At this moment we have about 230 employees, and over 200 of those are at least university graduates in appropriate fields.
That puts us in a comfortable position where we have a pool of skilled employees, which we can develop through capacity building so that we can easily use their skills to various areas.
Another important fact is that we have enhanced our quality of service, including having public and customer relations officers.
If you visit any of our offices, you will find people in the front desk area who are able to understand the clients and give them solutions on the spot.
We have also decentralised the organisation. We now have offices in all 30 districts, so we have really brought our services to the people.
This has resulted in an increased compliance on the part of employers. Since we are near to them, we dialogue with them.

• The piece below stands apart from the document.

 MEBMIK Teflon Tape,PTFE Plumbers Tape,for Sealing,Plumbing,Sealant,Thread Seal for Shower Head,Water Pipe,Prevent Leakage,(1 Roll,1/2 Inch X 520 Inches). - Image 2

Therefore, we are able to follow up activities and undertake necessary senstisation. Because of those changes, the level of contribution has increased significantly.
In 2006, the contributions amounted to about Frw10 billion, whereas in 2007 this increased by 29 per cent to about Frw13 billon.

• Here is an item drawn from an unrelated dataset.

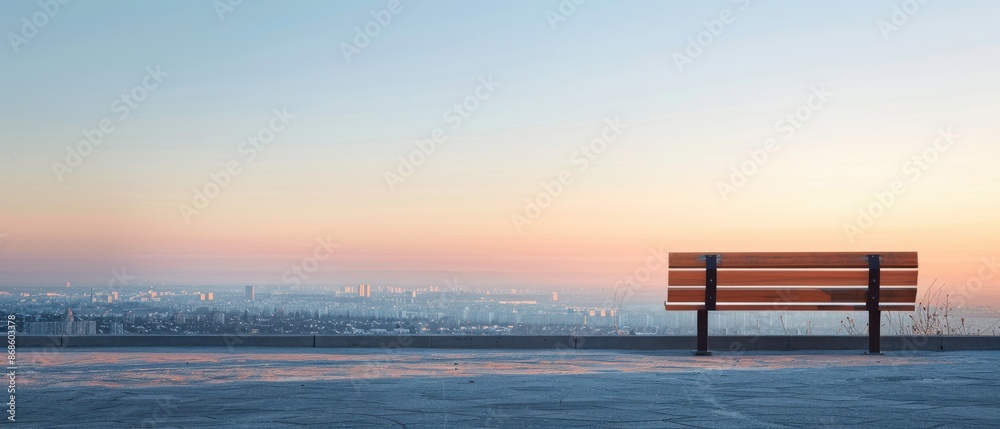 A bench is sitting on a hill overlooking a city A bench is sitting on a hill overlooking a city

The benefits paid out also increased to Frw3.7 billion, and we are continuing to sensitise people and to try to bring more of them into the social security net.
Qn: What are the expected outcomes of this review in terms of restructuring and modernisation?

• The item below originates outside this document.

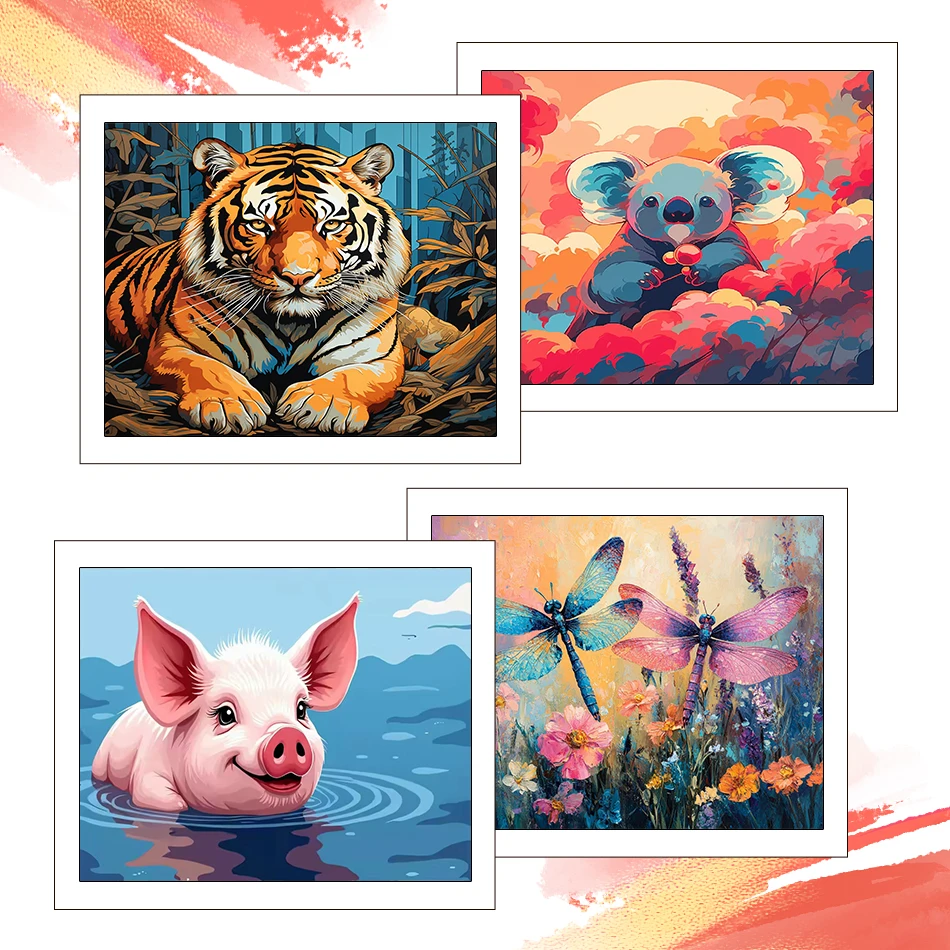

RUOPOTY Painting By Number Adults New Animals Decorative 40X50cm Drawing Canvas Acrylic Color Markers Crafts Coloring By Numbers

Gaperi: In the first place, if you are managing funds you need sustainability of the regime.
You need to give confidence to people who are contributing today, that they will receive the benefits in 20 to 30 years when they retire.
That requires certain policy and legal reforms to make sure that the regime is flexible but rigorous enough so that on the one hand, people contribute, whereas the money is also available when it’s needed by them.
We will definitely enhance the quality of our services. We will start using modern technology by computerising our data management system that will significantly enhance the services.
But this will go hand-in-hand with building capacity of our staff to be able to tackle those challenges.
Most importantly, as for our intervention in the economy, we want to diversify our investment areas in order to attract the required return on investment, but at the same time to have a considerable socio-economic impact.
Qns: How did the fund perform in key areas such as growth of membership and return on investment?
Gaperi: Well, we registered several successes. First, the number of contributing employers has increased by about 1,300, and the number of registered employees to nearly 40,000.
We are talking here about new employees in 2007 alone. The total investment income also grew at a very impressive rate of 440 per cent, which translated in revenue of about Frw13.5 billion last year.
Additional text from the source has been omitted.